College also provides a relatively safe place to experiment with ideas and push yourself in ways that you normally wouldn't out in the real world. This aspect of college is something I wish I would have taken more advantage of at the time. I would have spent extra time exploring some of the more interesting course material and building personal projects to apply the things I was learning. I was of the mindset that learning the material and doing well on tests was all I needed to succeed in college, but that is a narrow view of what college offers.

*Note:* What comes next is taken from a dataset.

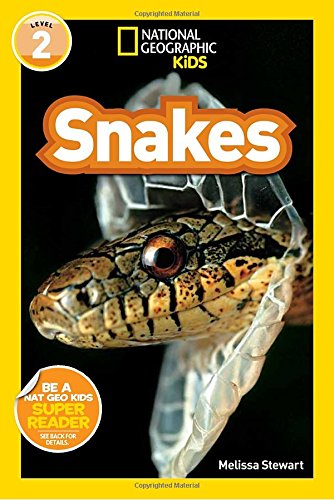 national geographic readers snakes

That is not to say that I had much free time. I was a member of KHK, a professional electrical engineering fraternity, and had a year-round internship where I put in 20 hours a week during the school year. I took advantage of the college social life (another important part of college), and made some lasting friendships, including my future wife. These are all incredibly valuable things to me, and I would have missed out on them if I hadn't gone to college. The cost of tuition and my post-graduation salary are almost secondary to the non-financial value I got out of college. I can't even put a price on most of the experiences I had in those years.

Like everything in life, you get out of college what you put into it. You can't expect to pay tuition and have an education spoon-fed to you. That tuition payment creates an opportunity, nothing more. It's up to you to put in the time and effort to transform that opportunity into a set of experiences that will shape your future and that you'll remember for the rest of your life. That opportunity is worth every penny.